As deep generative models have progressed, recent work has shown them to be capable of memorizing and reproducing training datapoints when deployed. These findings call into question the usability of generative models, especially in light of the legal and privacy risks brought about by memorization. To better understand this phenomenon, we propose the manifold memorization hypothesis (MMH), a geometric framework which leverages the manifold hypothesis into a clear language in which to reason about memorization. We propose to analyze memorization in terms of the relationship between the dimensionalities of (i) the ground truth data manifold and (ii) the manifold learned by the model.

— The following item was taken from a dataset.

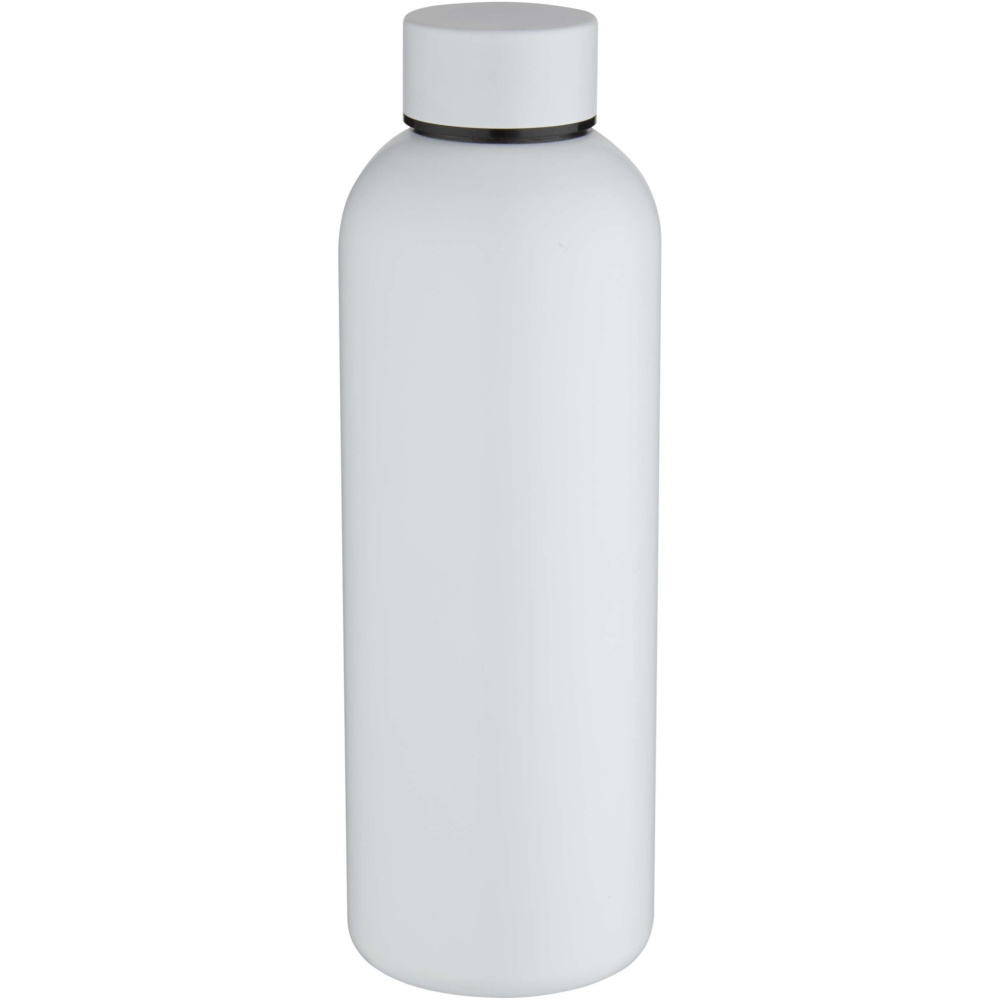Logo trade promotional gifts image of: Spring 750 ml RCS recycled single wall stainless steel water bottle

This framework provides a formal standard for "how memorized" a datapoint is and systematically categorizes memorized data into two types: memorization driven by overfitting and memorization driven by the underlying data distribution. By analyzing prior work in the context of the MMH, we explain and unify assorted observations in the literature. We empirically validate the MMH using synthetic data and image datasets up to the scale of Stable Diffusion, developing new tools for detecting and preventing generation of memorized samples in the process.

翻译：随着深度生成模型的发展，近期研究表明，这些模型在部署时能够记忆并复现训练数据点。这些发现对生成模型的可用性提出了质疑，尤其是在考虑到记忆行为所带来的法律和隐私风险时。为了更好地理解这一现象，我们提出了流形记忆假说（MMH）——一个将流形假说转化为清晰推理语言的几何框架，用于系统分析记忆现象。我们建议从以下两个维度的关系角度分析记忆行为：（i）真实数据流形的维度，以及（ii）模型学习到的流形维度。该框架为"数据被记忆的程度"提供了形式化标准，并将记忆数据系统性地分为两类：由过拟合驱动的记忆和由底层数据分布驱动的记忆。通过在MMH框架下分析现有研究，我们解释并统一了文献中的各类观察结果。我们使用合成数据和图像数据集（规模达到Stable Diffusion级别）对MMH进行了实证验证，并在此过程中开发了用于检测和防止生成记忆样本的新工具。